Imagine everyone (that's us, to be referred to as "we") in this hypothetical Firm maintaining a list of 50-100 subscriptions to external and internal sources of content. Let's also say that because we always subscribe to Content of Interest and therefore content of Relevance, we wish our RSS Clients to "keep an eye" on each feed and to pull interesting updates to our subscriptions every 30 minutes.

In reality, what this means is that everyone in the Firm is asking the CNN's of the world for updates on ALL headlines of interest every 30 minutes.

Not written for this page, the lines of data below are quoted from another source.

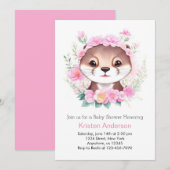 Schattigee otter zalig roze meisje Baby shower Kaart (Voorkant / Achterkant)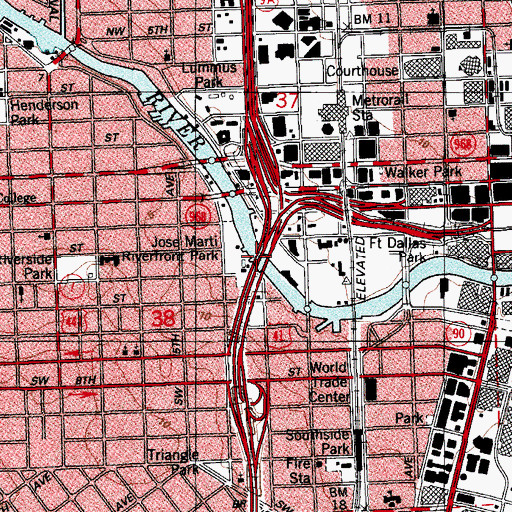 Topographic Map of Jose Marti Riverfront Park, FL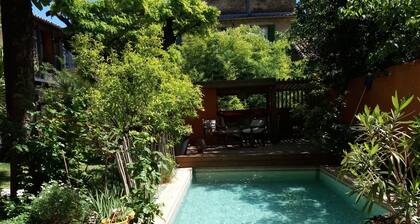 Belle et ancienne maison dans le centre historique, jardin et bassin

A sidebar on Proxies and their role within our environment is important here. We know that we access the "outside" internet through Proxies. Why Proxies? Proxies do some security things. More importantly, Proxies do some content caching and networking and load optimization that are essential to maintaining healthy connectivity to the internal and external networks. Proxies are critical components of an enterprise's infrastructure and are, essentially, Gateway Keepers to the Web. Most Proxy infrastructures are probably designed to accommodate Humans perusing sites. Systems that do demand a high load of network content are usually provisioned, accounted for, and paid for separately as a specific requirement. The Business Unit requiring such special capacity will usually take on this cost. Recall in our original assumption that no such "special" considerations were in place for RSS traffic.

Your RSS Client asking for updates from the web is equivalent to your Computer perusing sites. Your Computer can do a lot of things quickly, such as pull 50-100 subscription updates within a matter of seconds: something that would take us much more time to do by hand. What does this mean? It means that the amount of traffic to and from the outside Internet increases drastically. This happens because polling of many CNNs is condensed to a short amount of time. This happens per individual with RSS feeds over the course of the day. In other words, unrestrained RSS Clients Gone Wild in our environment will create too much unplanned traffic through the Network and will overload the Proxy servers not provisioned to handle such load. Risk here is disrupting daily routing and more importantly business critical applications relying on the network. Enterprises should deem this as an unacceptable risk. Does this mean RSS should not be allowed in the environment? Absolutely not!

Solution
As mentioned before, Proxies do some caching. For example, when you browse for CNN.com homepage and I browse for CNN.com homepage the Proxy is smart enough to realize that CNN.com is not a unique resource and that more than one person wants to and will probably want to see the same content. Rather than using up Networking resources to deliver content to you from CNN.com directly, Proxies will simply cache that page locally and serve out the local (cached) copy to the user for subsequent requests. This is economical.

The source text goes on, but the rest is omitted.